The Fifth District Court of Appeal reversed this latter holding. See HJH, L.L.C. v. Volusia Cnty., 170 So. 3d 100, 101 (Fla. 5th DCA 2015). It concluded that the trial court misread earlier precedent interpreting the beach dedication contained in the 1917 plat. That dedicated beach, the court concluded, extended from the ocean but only to the eastern foot of the sand dunes, roughly half the size of what the trial court had concluded.
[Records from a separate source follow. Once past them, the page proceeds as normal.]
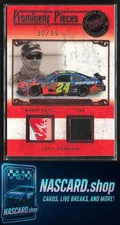 2008 Press Pass Legends Jeff Gordon Prominent Pieces Metal-Tire Bronze #/99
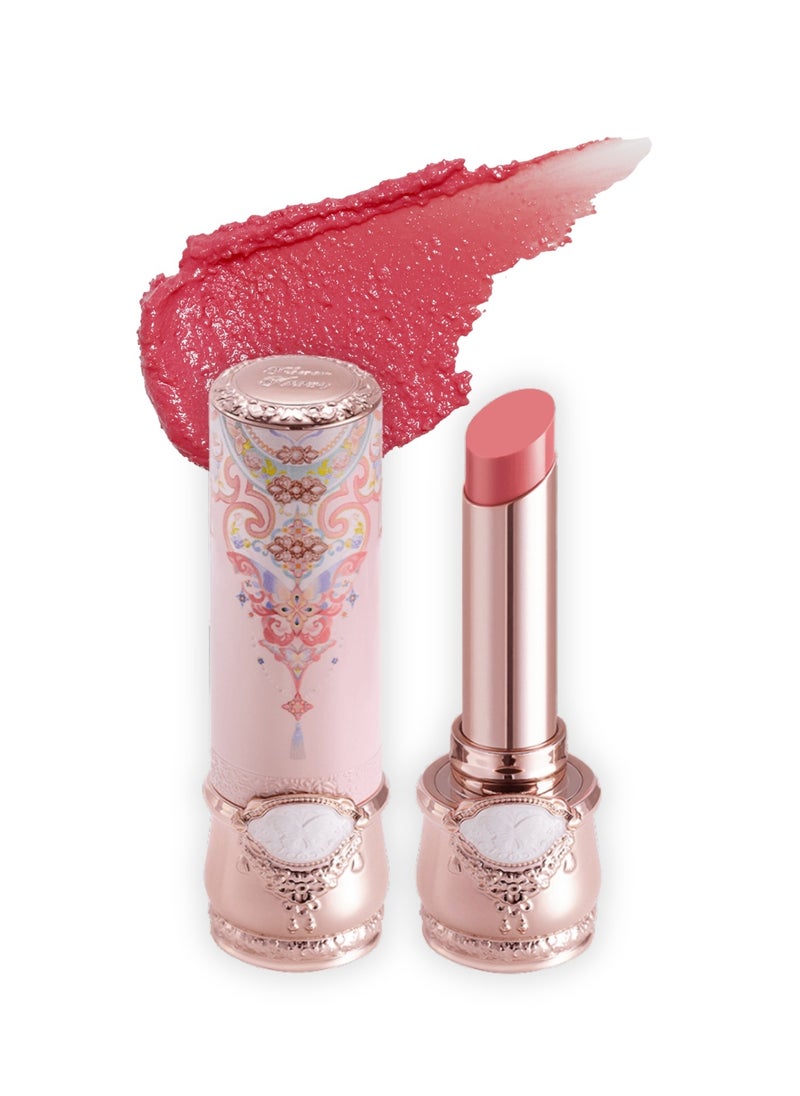 Flower Knows - Butterfly Cloud Collar Collection Glossy Lipstick Non-sticky Highly Pigmented Long-lasting Hydration Shiny Lipgloss - C05 Peach Blossom - Image 1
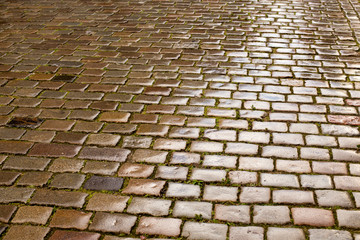 Old paving stones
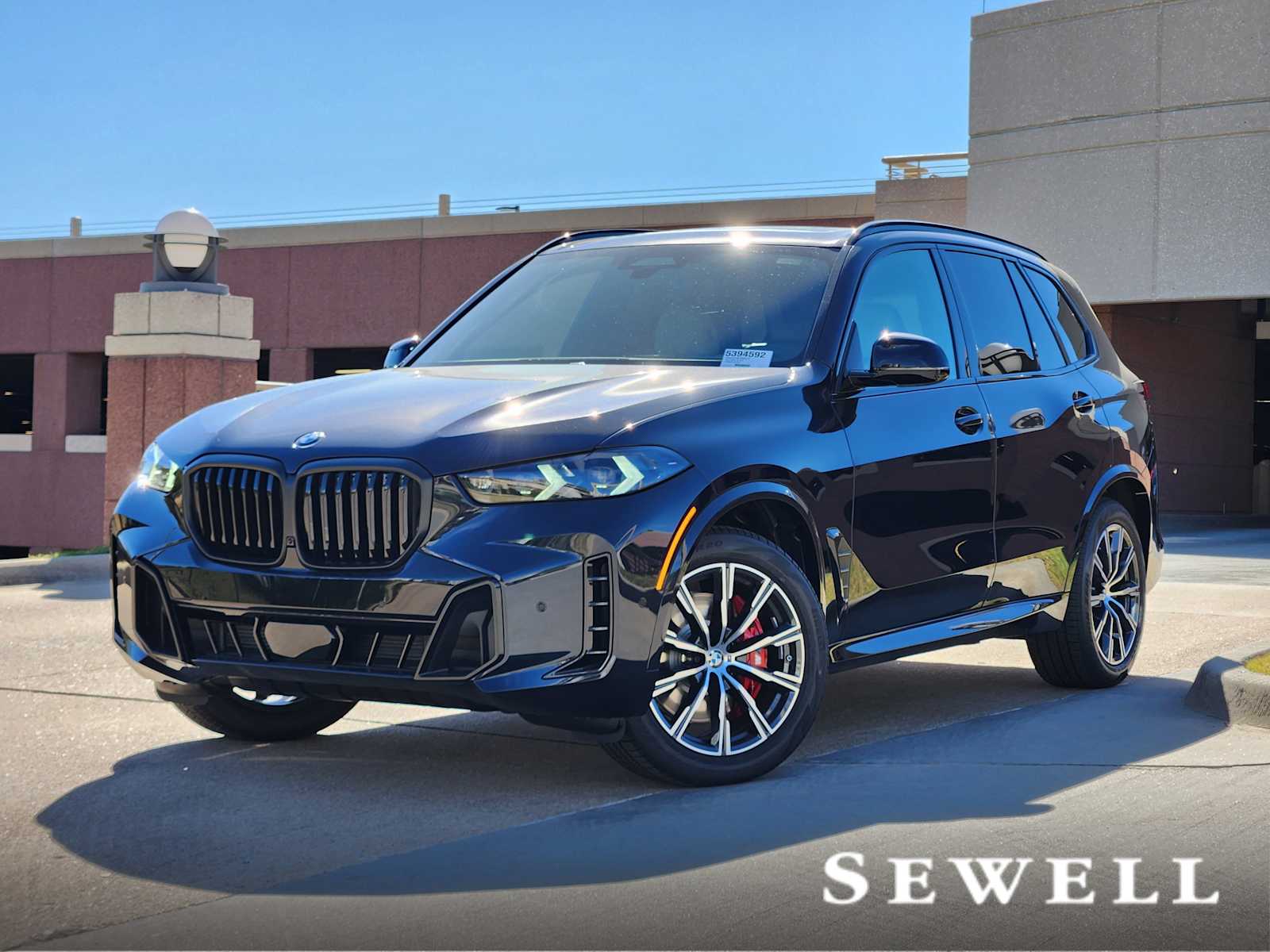 2026 BMW X5 40i's photo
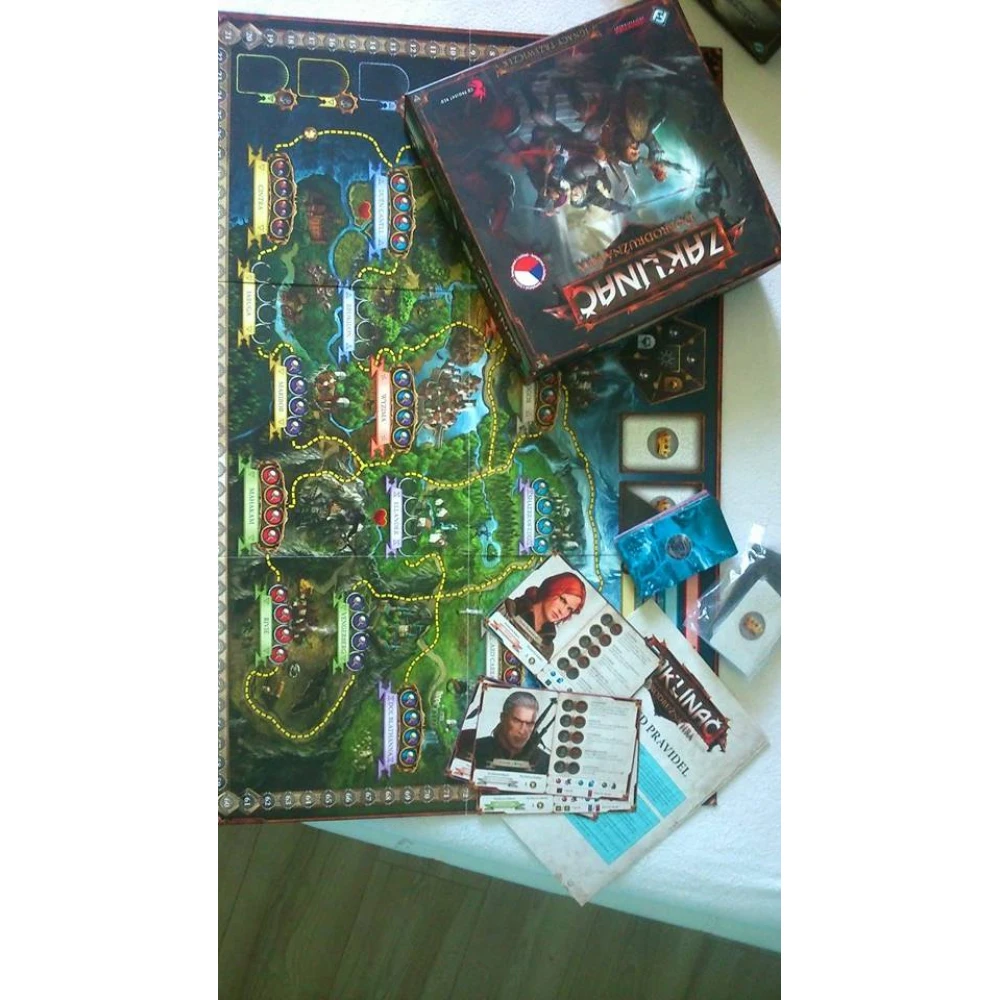 Zaklínač desková hra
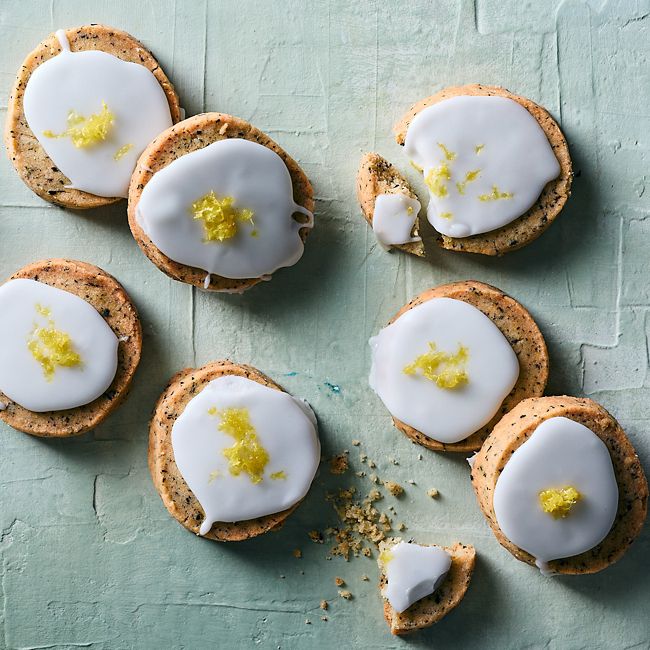 Earl Grey & Lemon Drizzle Biscuits
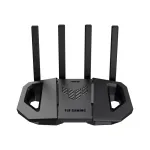 ASUS TUF-BE3600 belaidis mar&scaron;rutizatorius Gigabit Ethernet Dviejų juostų (2,4 GHz / 5 GHz) Juodas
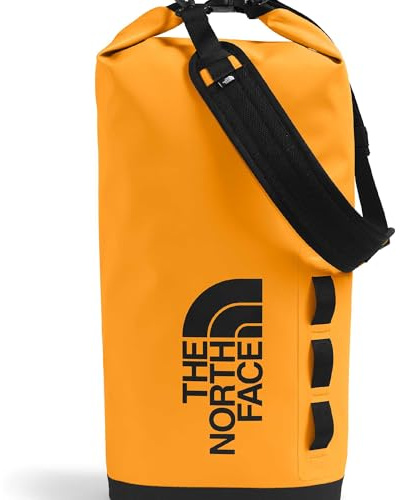 The North Face Base Camp Dry Bag 18L, Summit Gold/TNF Black, One Size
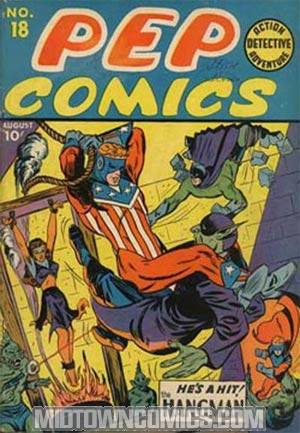 Pep Comics #18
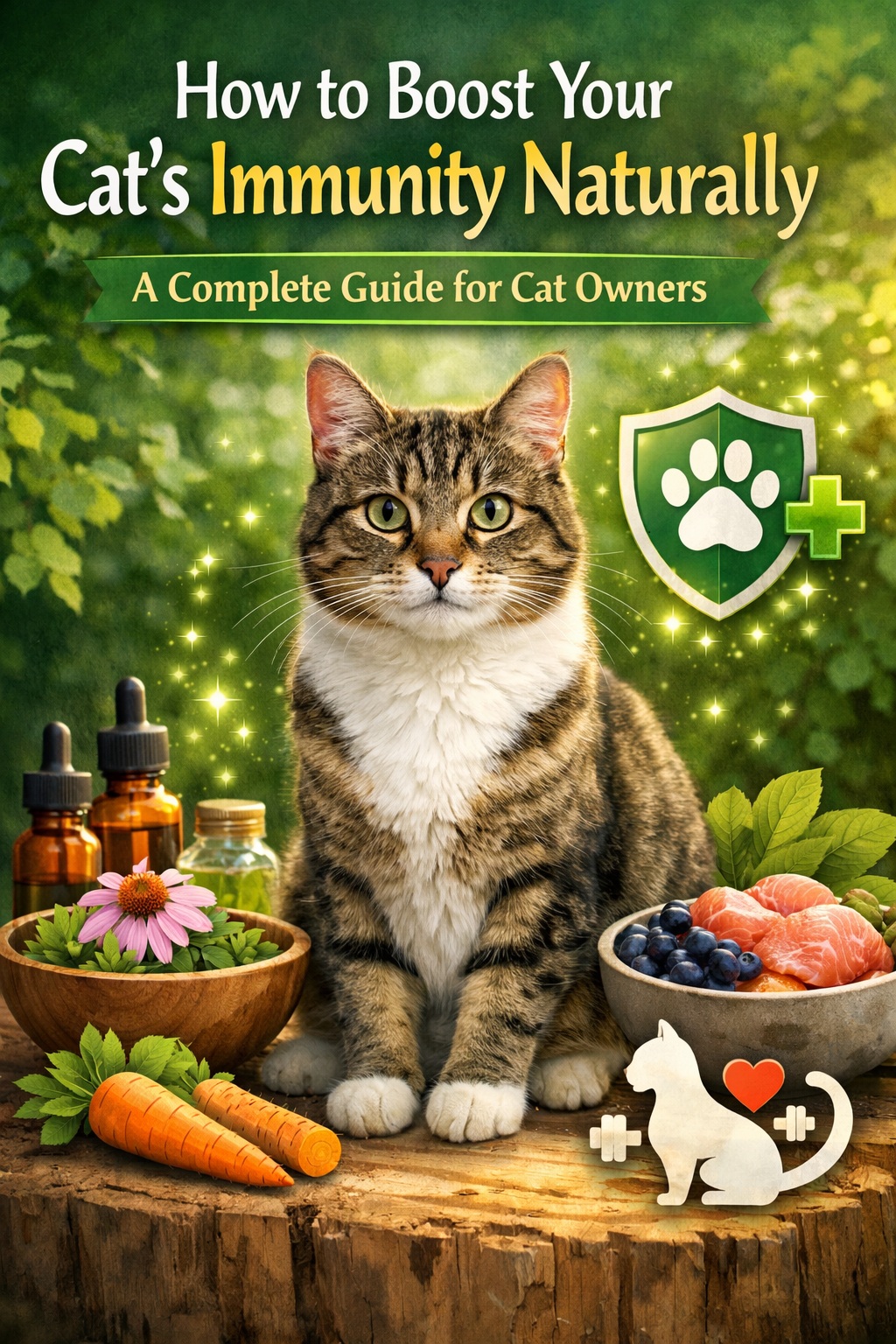 Boost Cat Immunity Naturally in 2026: A Complete Guide for Healthier Cats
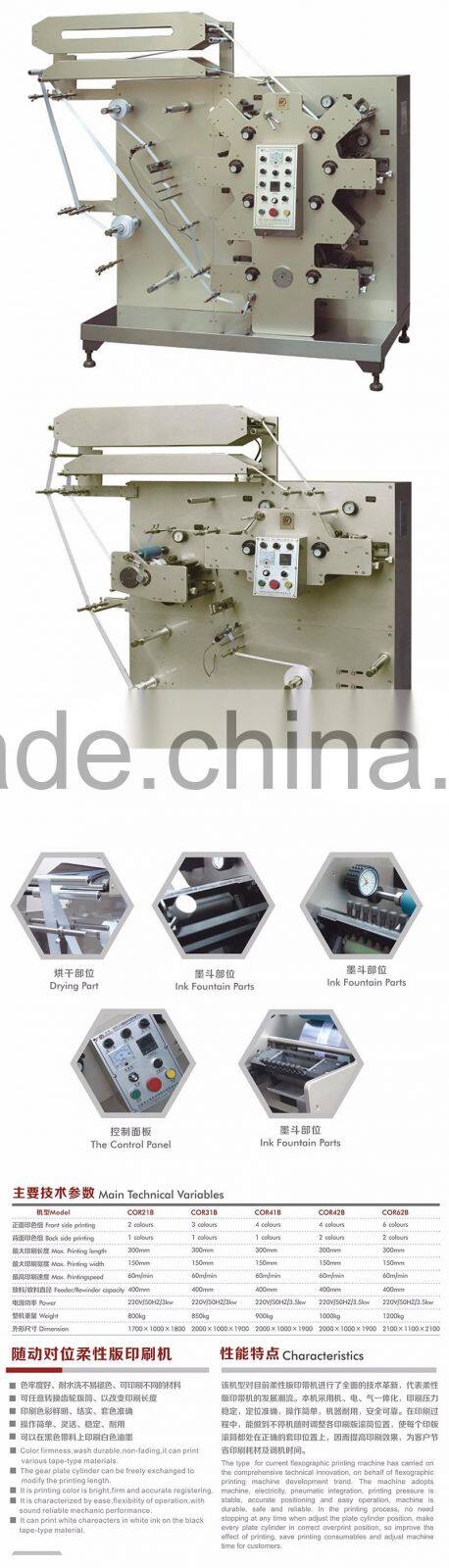 CREDIT OCEAN anilox roller cylinder for flexo label printing machines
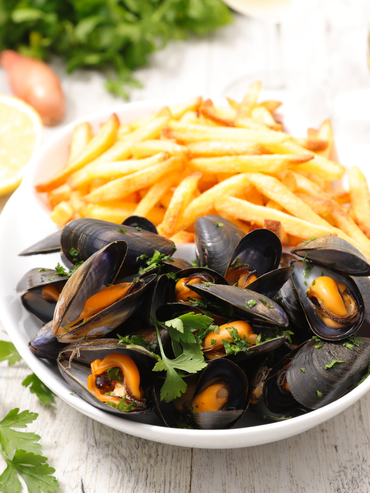 Moules frites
The Fifth District made two more findings that, while not central to its holding on the size of the dedication, are relevant to the motion now before this Court. The first concerned HJH's ownership interest. The Court found that Florida's Marketable Record Title to Real Property Act, Fla. Stat. §§ 712.01-712.11, conferred fee simple ownership to HJH, regardless of any earlier plats, because HJH was able to trace its title to a transaction recorded more than 30 years earlier and purporting to convey a fee simple estate.2 In short,the Court found that, by operation of this law, HJH retained the exact ownership interest it had acquired when it purchased the property.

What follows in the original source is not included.